++++ THE INPUT ++++
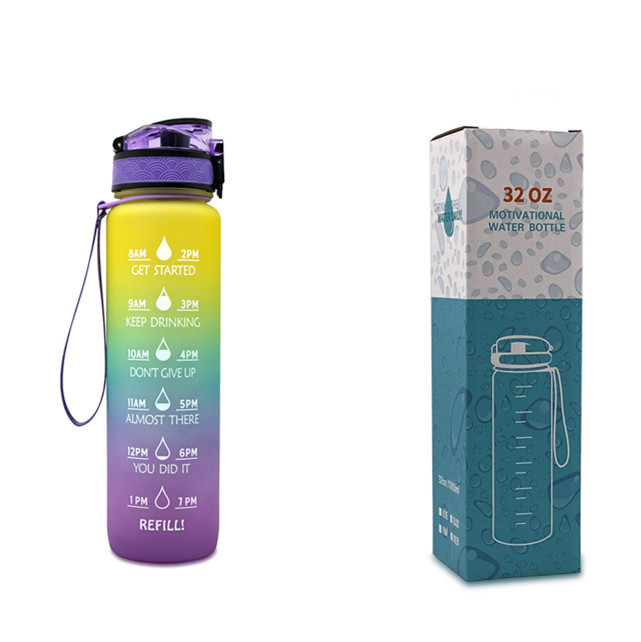 1L Tritan Water Bottle With Time Marker Bounce Cover Motivational Water Bottle Cycling Leakproof Cup For Sports Fitness Bottles - Image 46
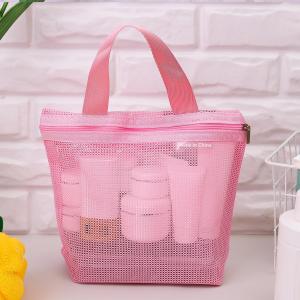 Portable Mesh Toiletry Bag / Large Capacity Cosmetic Organizer Pouch / Transparent Travel Storage Handbag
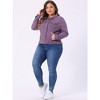 Agnes Orinda Women's Plus Size Classic Denim Long Sleeve with Pockets Fashion Jean Jackets - 3 of 4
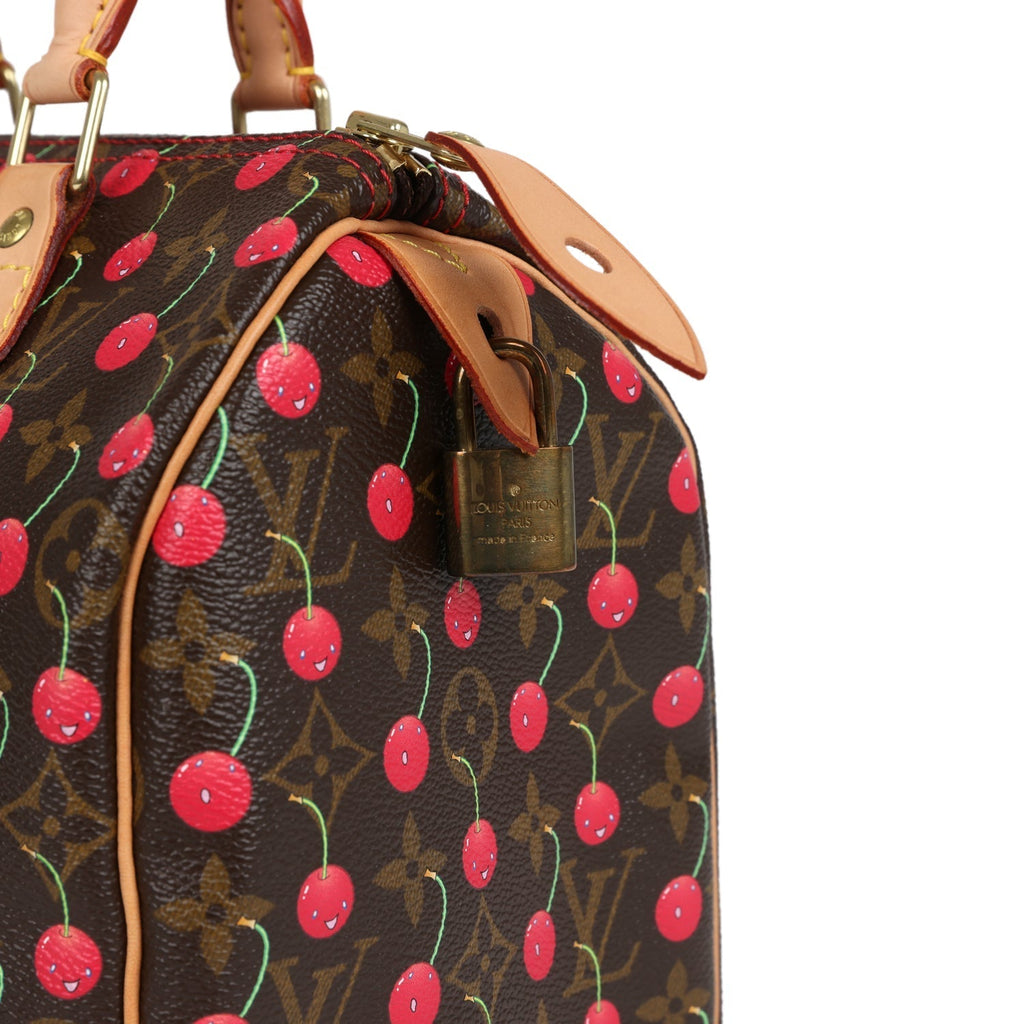 Louis Vuitton Vintage x Takashi Murkami Cheries Speedy 25 Brown and Red Monogram Cherry Gold Hardware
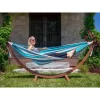 The Hamptons Collection 102” Blue Striped Sunbrella Brazilian Style Hammock With Stand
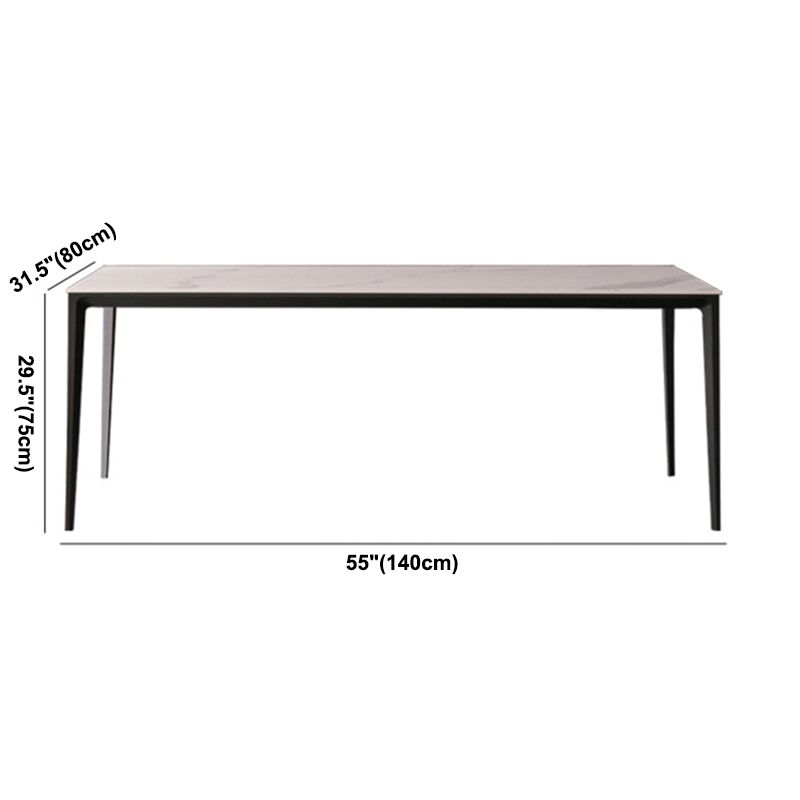 Mesa rectangular contemporánea de metal Mesa de comedor de piedra sinterizada con patas de metal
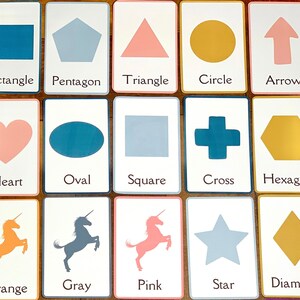 Educational Flashcards, Printable Shapes and Colors, Homeschool Digital ...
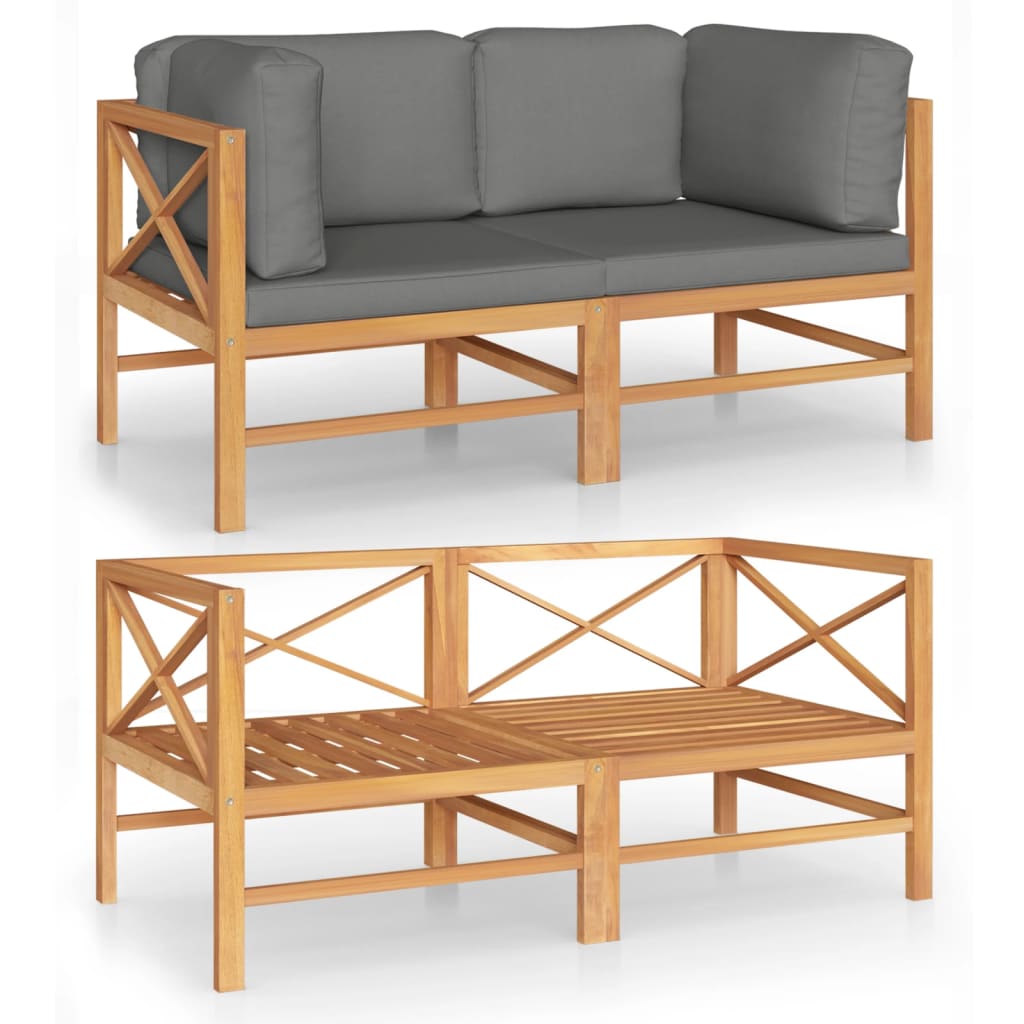 2-Seater Garden Sofa with Grey Cushions Solid Wood Teak - Newstart Furniture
++++
TASK DIRECTIONS |
Starting with the line that contains "Agnes Orinda Women's", copy every line word for word through the end of the listing above, but leave out the pictures.

WRITTEN REPLY |
 Agnes Orinda Women's Plus Size Classic Denim Long Sleeve with Pockets Fashion Jean Jackets - 3 of 4
 Louis Vuitton Vintage x Takashi Murkami Cheries Speedy 25 Brown and Red Monogram Cherry Gold Hardware
 The Hamptons Collection 102” Blue Striped Sunbrella Brazilian Style Hammock With Stand
 Mesa rectangular contemporánea de metal Mesa de comedor de piedra sinterizada con patas de metal
 Educational Flashcards, Printable Shapes and Colors, Homeschool Digital ...
 2-Seater Garden Sofa with Grey Cushions Solid Wood Teak - Newstart Furniture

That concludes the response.